[Task objective]:
All lines from the one containing "More Photos Of" through the final line of the records below should be reproduced exactly, with the pictures left out.

═════ Supplied material ═════

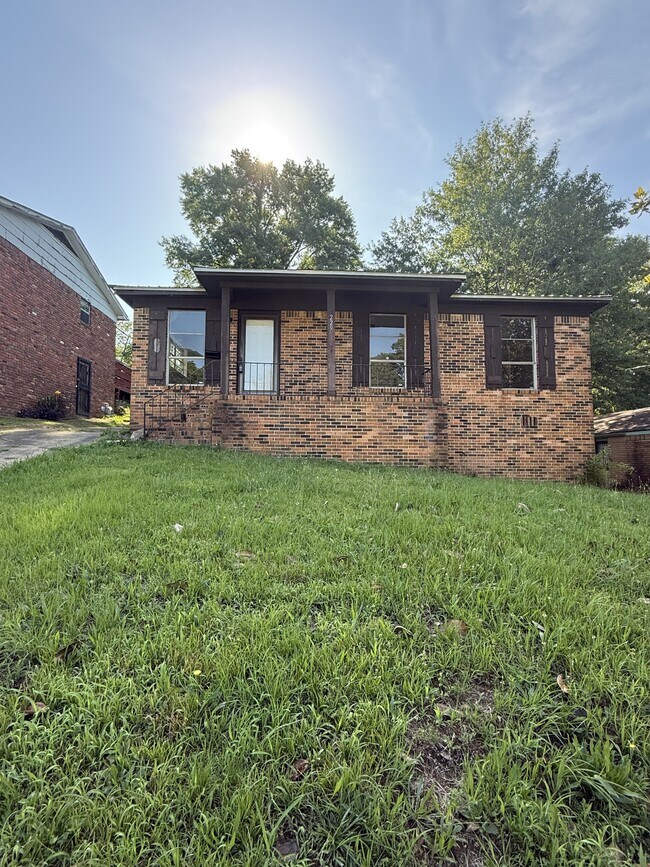 property at 229 Oregon St
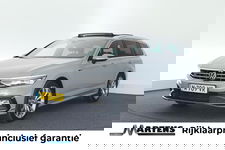 Volkswagen Passat - Variant 1.5 TSI 150pk DSG R-Line Business Leder Camera Panoramadak Keyless Virtual Cockpit Navigatie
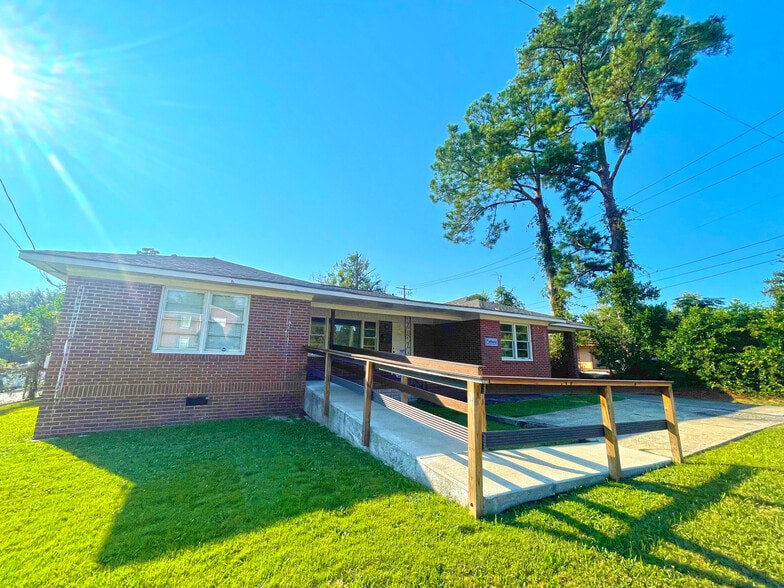 More Photos Of 1924 Warm Springs Rd, Columbus Medical For Sale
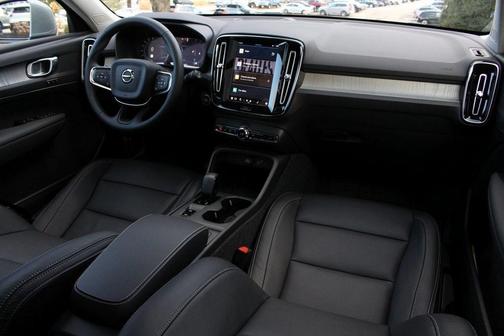 2025 Volvo XC40 B5 Core Bright Theme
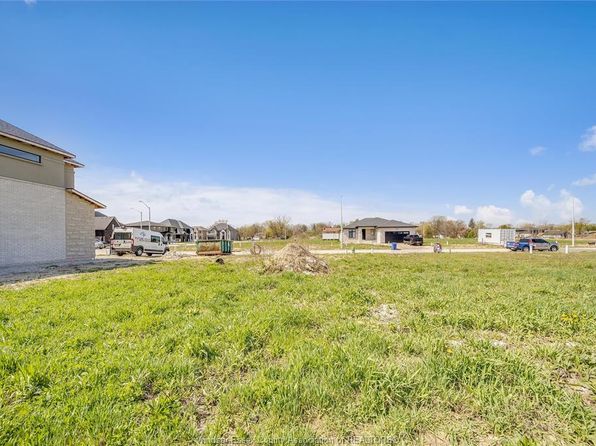 3692 Farrow Ave, Windsor, ON N9E 0A6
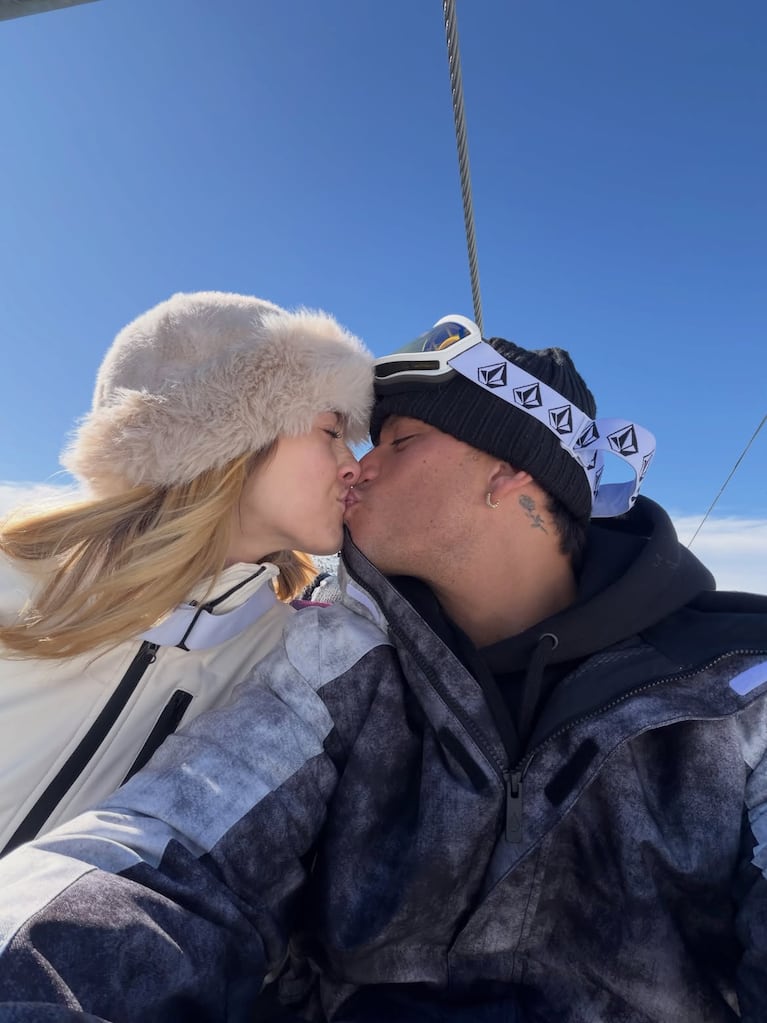 Lolo Poggio conoció la nieve por primera vez (Foto: Instagram @lolopoggio_)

═════

[Response area]:
 More Photos Of 1924 Warm Springs Rd, Columbus Medical For Sale
 2025 Volvo XC40 B5 Core Bright Theme
 3692 Farrow Ave, Windsor, ON N9E 0A6
 Lolo Poggio conoció la nieve por primera vez (Foto: Instagram @lolopoggio_)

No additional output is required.